Hypertension Canada announced Dr. Nadia Khan as the President following the 2016-2017 elections at its Annual General Meeting.
Nadia Khan, Professor of Medicine in the Division of General Internal Medicine named President of Hypertension Canada. Dr. Nadia Khan is also a scientist at the Center for Health Evaluation and Outcomes Sciences (CHEOS), and a general internist at St. Paul’s Hospital in Vancouver. Dr. Khan was elected to Hypertension Canada’s Board in 2013. Dr. Khan was a member of the Central Review Committee for the Canadian Hypertension Education Program (CHEP) from 2002 to 2013, and is Chair of Hypertension Canada’s Research Policy Committee.
In this role, Dr. Khan will continue to help build on the excellent foundation from Ernesto Schiffrin, immediate Past-President. She will continue to lead the work in early detection of high blood pressure, its treatment and overall management.
Over the past 7 years she has systematically investigated cardiovascular disease burden, acute care delivery for ACS, stroke and chronic cardiovascular disease management using multi-provincial population based datasets. This work was supported by four CIHR/HSFC operating grants and a CIHR New Investigator award.

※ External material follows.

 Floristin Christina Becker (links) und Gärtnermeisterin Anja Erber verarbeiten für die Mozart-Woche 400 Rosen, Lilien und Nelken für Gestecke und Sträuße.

Her overall findings have demonstrated that South Asian and Chinese are disproportionately affected by cardiovascular disease and the lifetime health burden will be greater for these populations as they have longer to live with the disease. Working with the ETHOS team, she is now systematically investigating how ethnicity impacts chronic cardiovascular disease using a multicenter cohort study of South Asian, Chinese and White patients with acute coronary syndrome. This research aims to identify specific gaps in chronic cardiovascular care and patient level barriers in these ethnic groups that are not currently known. She was recently awarded a CIHR grant for a randomized controlled trial determining the efficacy of a culturally adapted diabetes management intervention compared with usual care on diabetes and blood pressure outcomes. The long-term goal is to use this new information to inform culturally sensitive interventions to close these care gaps and improve risk factor and cardiovascular disease management of Canada’s largest ethnic populations.